Take a look at Sammy’s face again. Go on. Get right up close. Does he remind you of anyone?
The gentleman below is the 18th century Scottish philosopher David Hume. Ever since I found out who this Hume fellow was, I’ve always thought that Sammy looks very much like him.
David Hume wrote a lot of influential philosophy, such as A Treatise of Human Nature, which I had to read when I was at University. (It’s very good.) But, the thing that I liked most about Hume was that he seemed to really enjoy going to the pub. Sammy likes going to the pub too, as far as I’m aware. So there’s another similarity. Although, I think that’s where the similarities end.
Regardless of his views on Scottish Independence, the general consensus among Scots seems to be that Alex Salmond has been a success as Scotland’s First Minister.

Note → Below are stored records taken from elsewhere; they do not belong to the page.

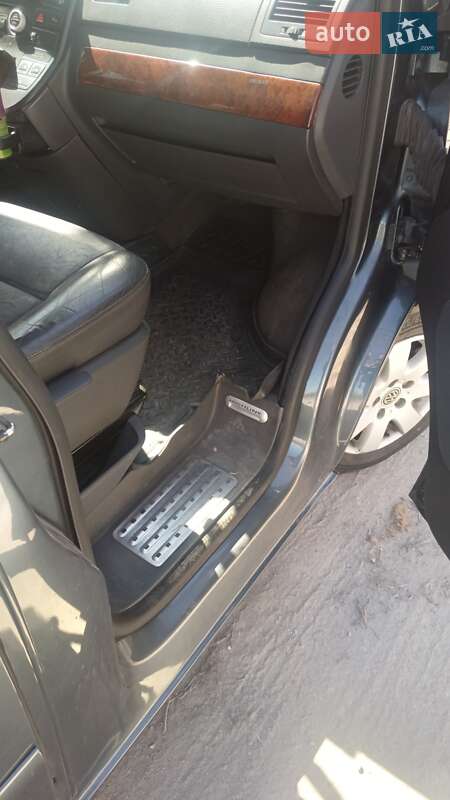 Минивэн Volkswagen Multivan 2008 в Запорожье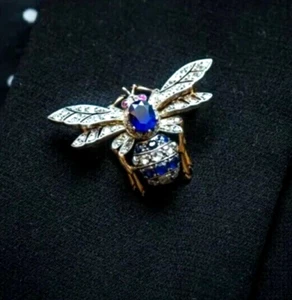 Women's Bee Brooch 2.50 Ct Oval Simulated Blue Sapphire 14K Yellow Gold Plated - Picture 1 of 6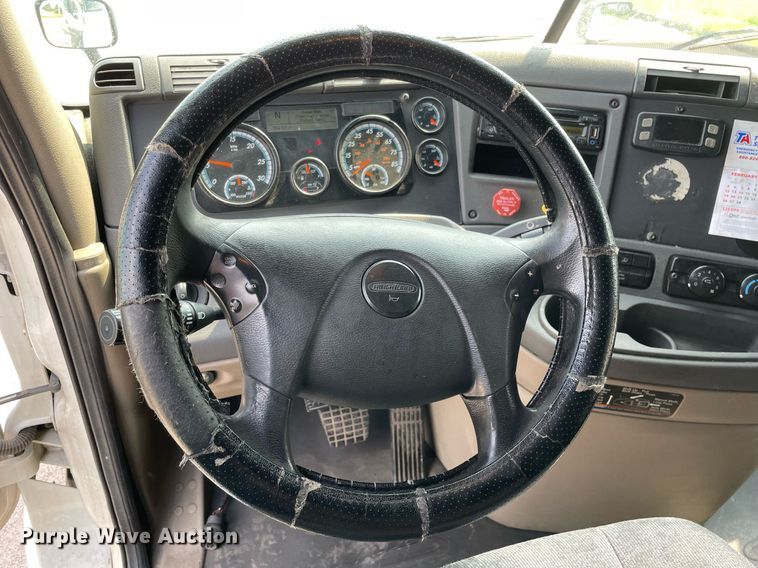 image for item LJ9687 2016 Freightliner Cascadia 125  semi truck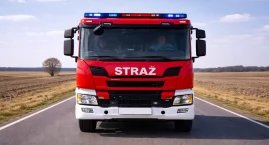 Auto w rowie na drodze 270 w powiecie włocławskim. Kierowca uwięziony w środku, trwa akcja służb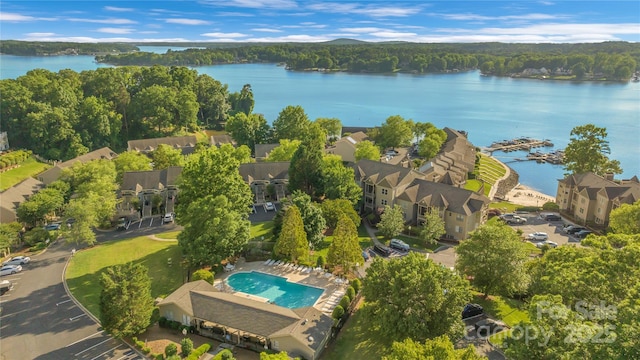 13932 Queens Harbor Rd, Charlotte, NC 28278 - aerial overview of property's location featuring a nearby body of water, a forest, and nearby suburban area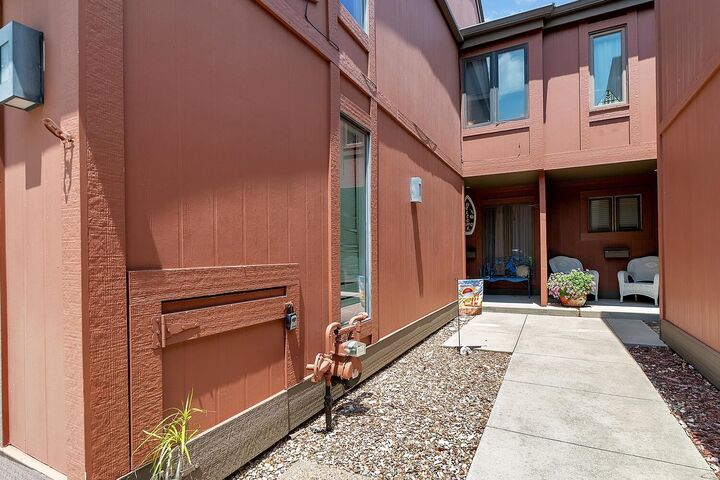 Property Photo: 1441 N Rock Rd #2403 KS 67206-1248
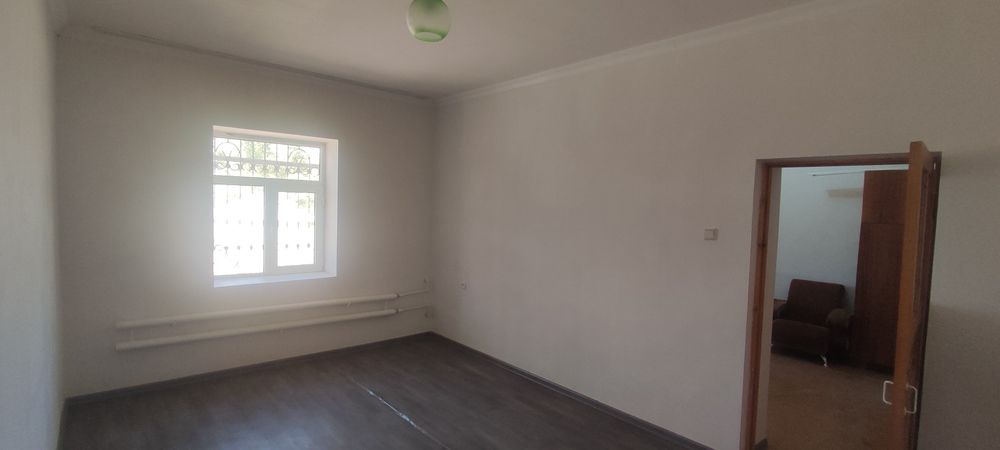 ШАХАРДА Полвон оши енида ховли сотилади 6 сотик 4 хона, подвали бн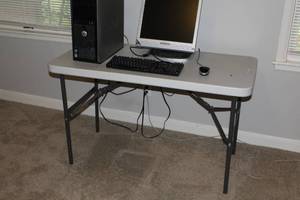 PlasticMetal Folding Table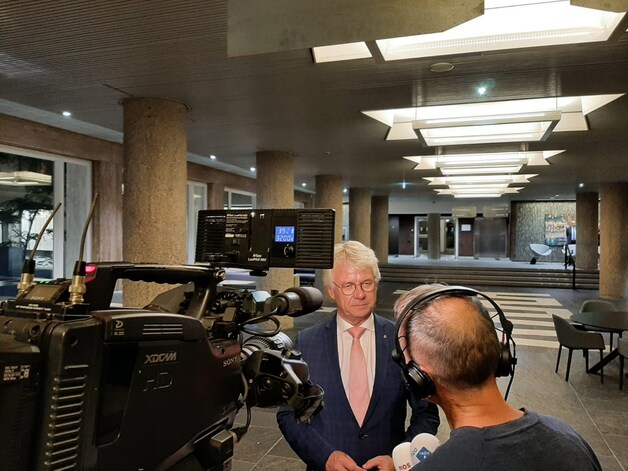 ‘Nooit de bedoeling geweest het op de man te spelen’, stelt commissaris ...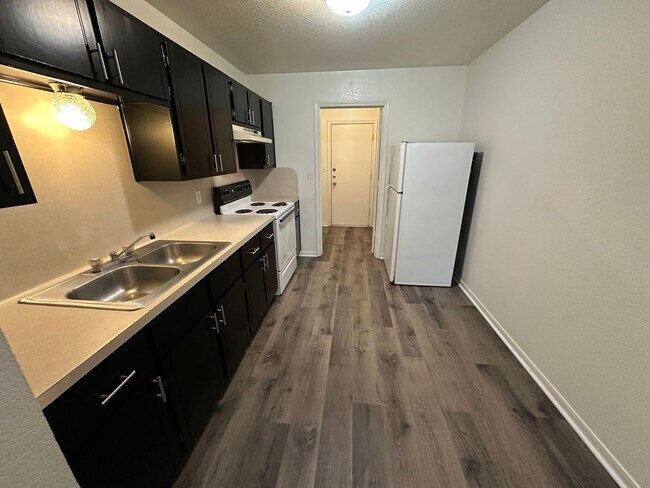 204 W Avenue F in Copperas Cove, TX - Building Photo - Building Photo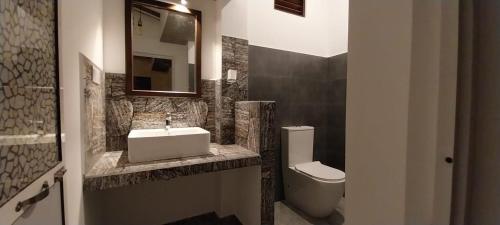 Koupelna v ubytování The ED Corner - Hiriketiya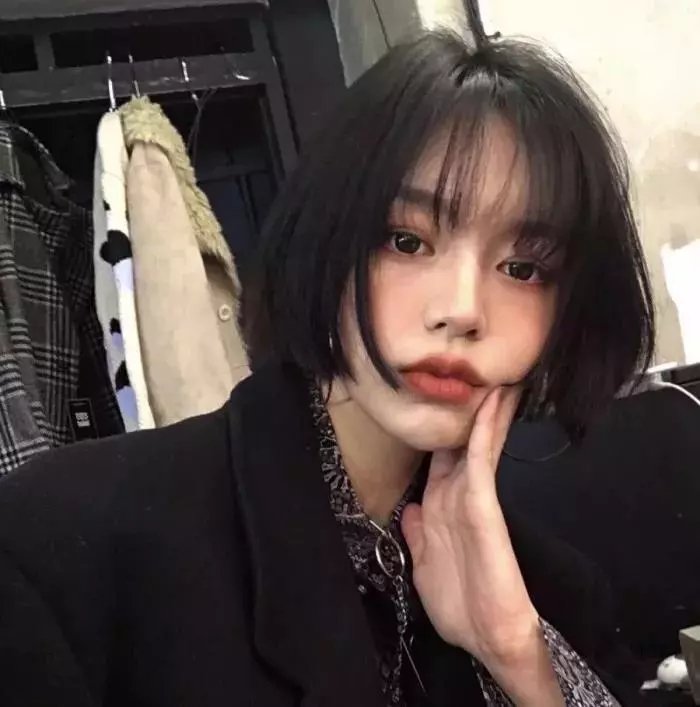 鲁卜哈利沙漠：非洲的女人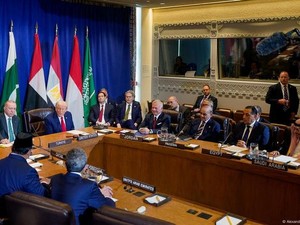 8 Negara Muslim Dukung Rencana Damai Trump untuk Gaza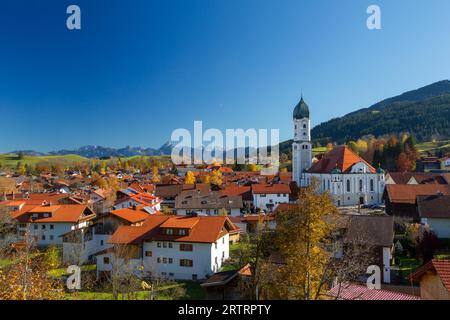 Ciel bleu en automne au-dessus de Nesselwang à Allgaeu, Bavière, Allemagne Banque D'Images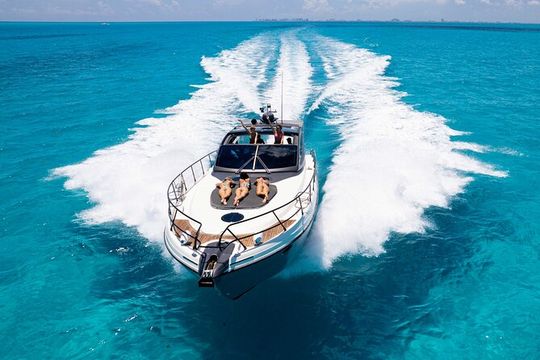 Cancun: 4-Hour All Inclusive Luxury Yacht – 50' Cranchi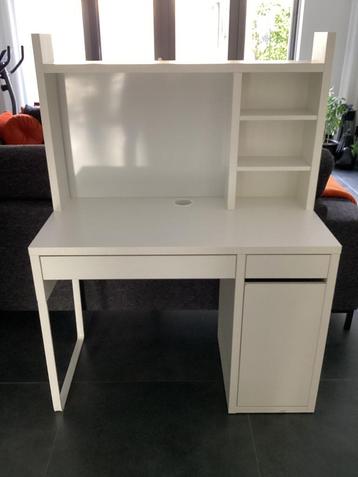 Mooie witte bureau , kaptafel 2 delen beschikbaar voor biedingen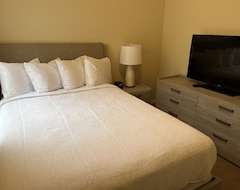 Washburn Hotel Suites (Topeka, USA)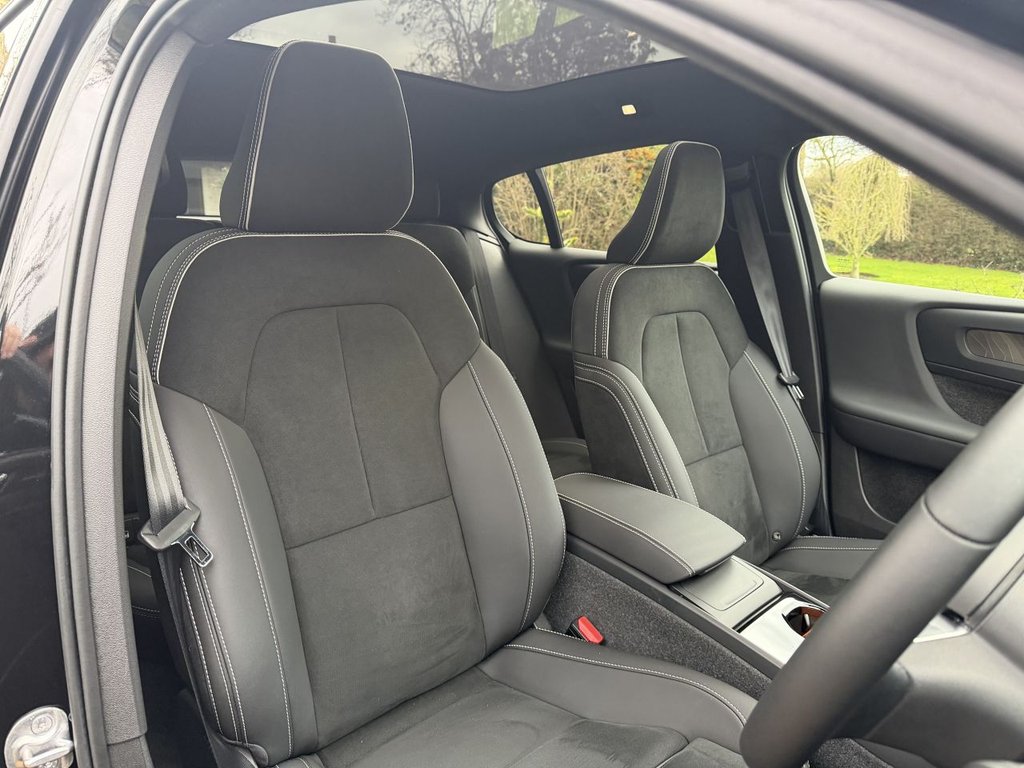 Used Volvo C40 2024 for sale - 77153527: Photo 10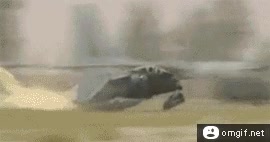 por poco,paracaidas,eyectar,aereo,accidente,al suelo,fail,ejercito,caza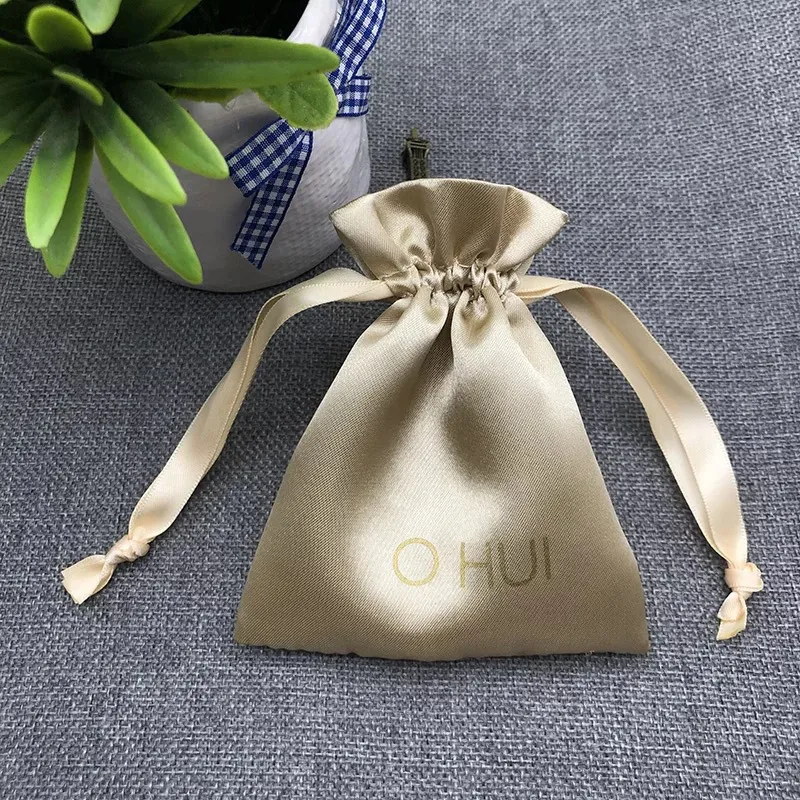Kleine Satin Drawstring Tasche mit doppelt gezogener Spitzenkante | 6x8cm & 6x10cm | für Schmuck & kleine Geschenke KY-SB202092119-13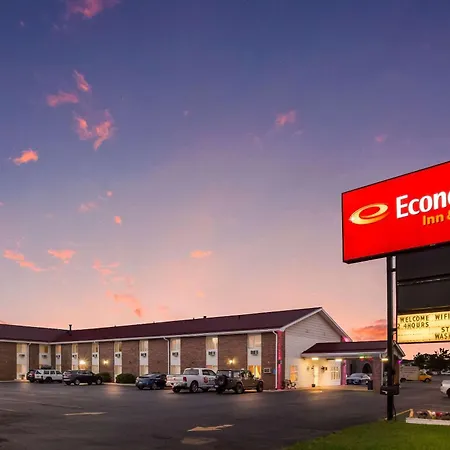 Econo Lodge Inn & Suites Escanaba North-3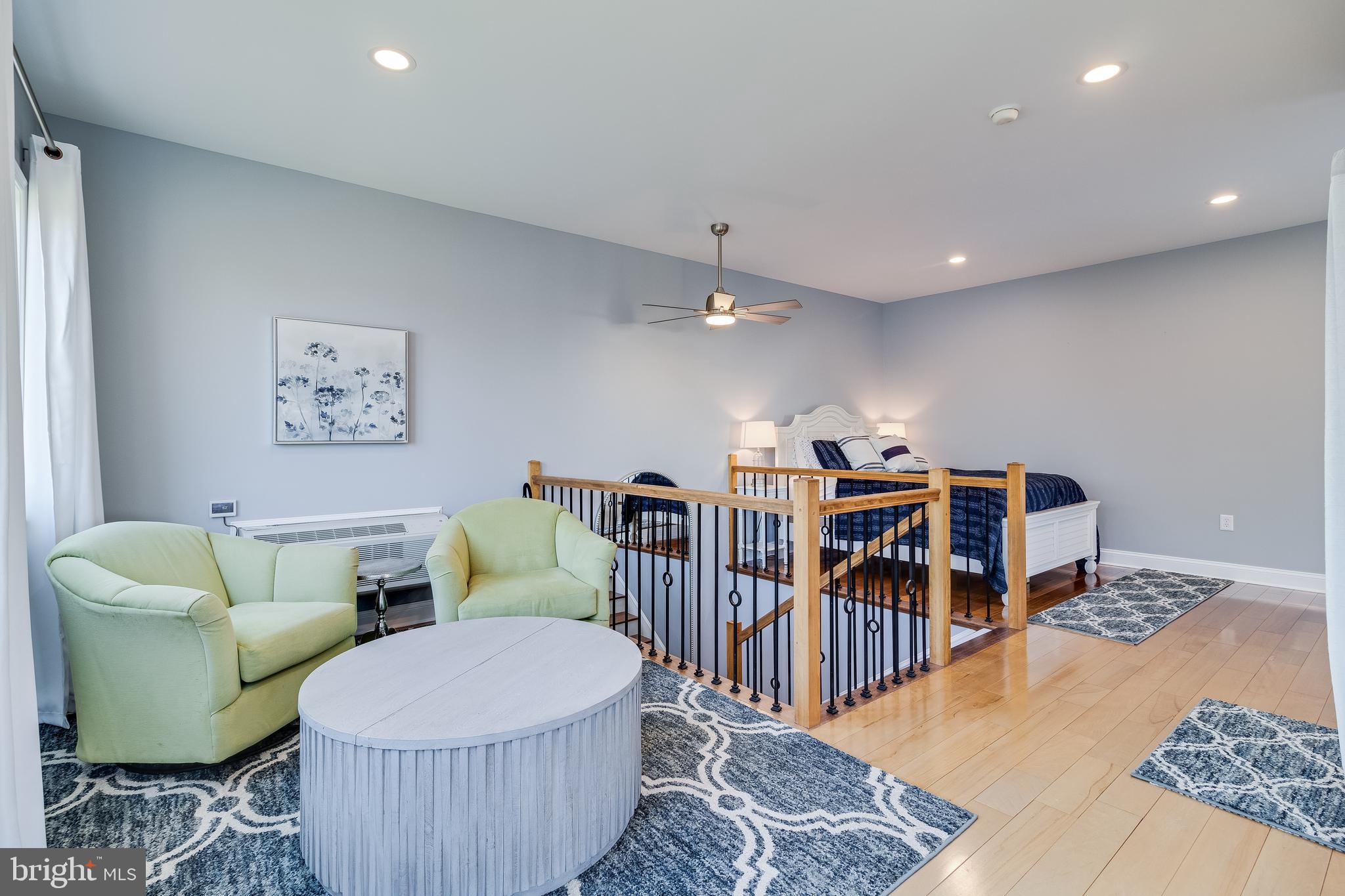 CHRISTMAS HILL - Residential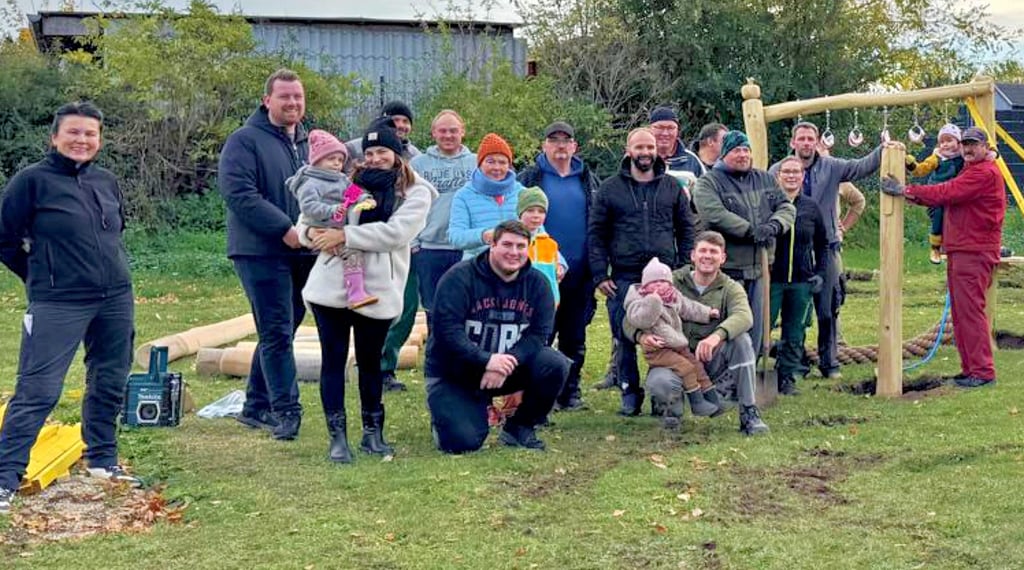 Erbauer und künftige Nutzer auf einem Foto vereint: Gruppenbild nach Abschluss der Spielplatz-Aufbauaktion in Ebersroda.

Notable achievements include: free prescriptions – England charge about £7 at the moment – and making sure that Scottish citizens don’t need to pay fees at Scottish Universities; something I was very grateful for. A less enjoyable innovation, in my view, was that he wouldn’t let us buy alcohol in shops after 10pm. Although, what this really means is that you have to stock up in advance of 10pm. My advice would be to head into the supermarket, at about 9.30, armed with a suitcase on wheels.
My grandmother tells me that when she sees Sammy on television, she just wants to “push his face in”. I’m not entirely sure what she means by this. Is his face collapsible? I don’t think so. As far as I’m aware, he has a sturdy face, built on solid foundations. But in all seriousness, what I think she is referring to is that he often looks “smug”, and “pleased with himself”. You may not know this, but in Scotland, you are not allowed to look “pleased with yourself”. As a Scot, I must remind you that life is very, very hard. So, wipe that grin off your face, and get back to work.
So, is Sammy to be the next King of Scotland? Only time will tell. But I’d imagine that if Scotland were to become independent, that Scotland could do a lot worse than Alex Salmond. If all else fails, at least he’d be good for a few drinks.